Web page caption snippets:
=== Section Start ===

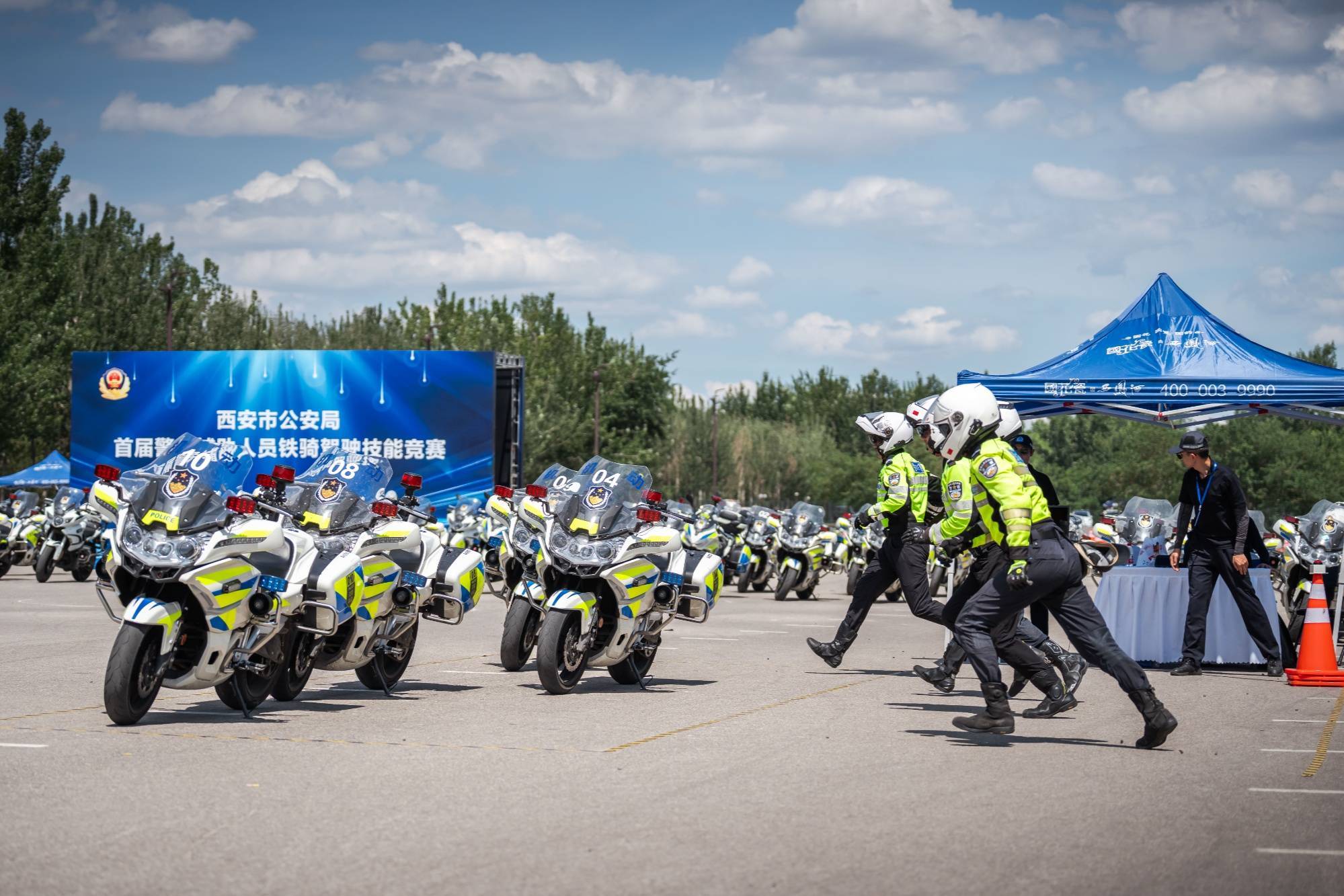 警察支队供图)此次竞赛分为个人赛和团体赛两个部分,围绕摩托车驾驶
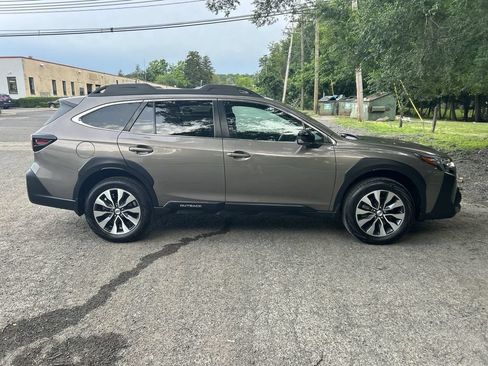 Certified 2024 Subaru Outback Limited AWD/4WD image 9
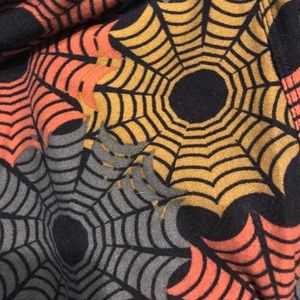 Gently used spider web lularoe leggings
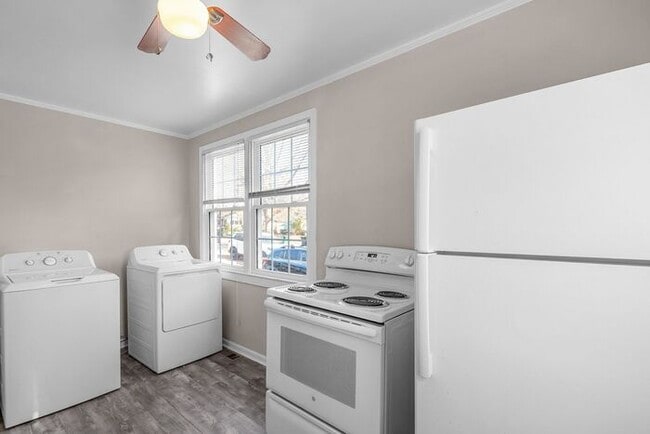 Building Photo - Gorgeous 2BR/1BA Duplex near Selwyn and Park Rd Hotspots!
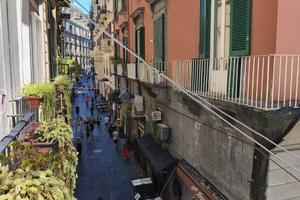 Appartamento di 353 m² con più di 5 locali a Napol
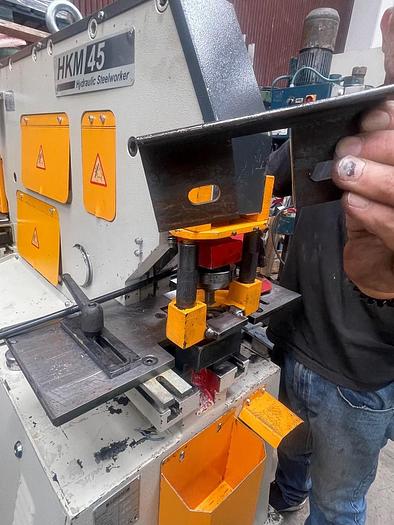 Usato PUNZONATRICE SAHINLER HKM 45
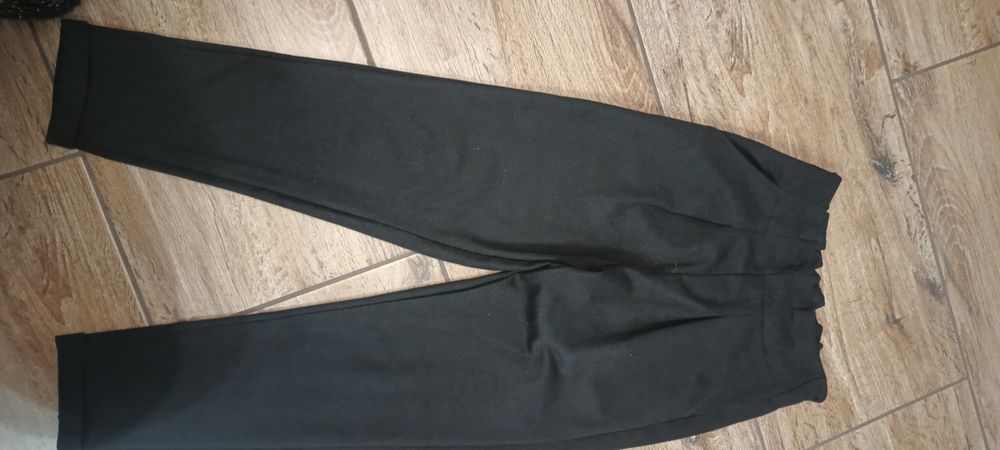 Czarne spodnie eleganckie cool club 146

=== Section End ===

Your copy should hold exactly the lines from the one with "Building Photo - Gorgeous" through the final line of the records, both ends included, and no pictures.

PROBLEM SOLUTION:
 Building Photo - Gorgeous 2BR/1BA Duplex near Selwyn and Park Rd Hotspots!
 Appartamento di 353 m² con più di 5 locali a Napol
 Usato PUNZONATRICE SAHINLER HKM 45
 Czarne spodnie eleganckie cool club 146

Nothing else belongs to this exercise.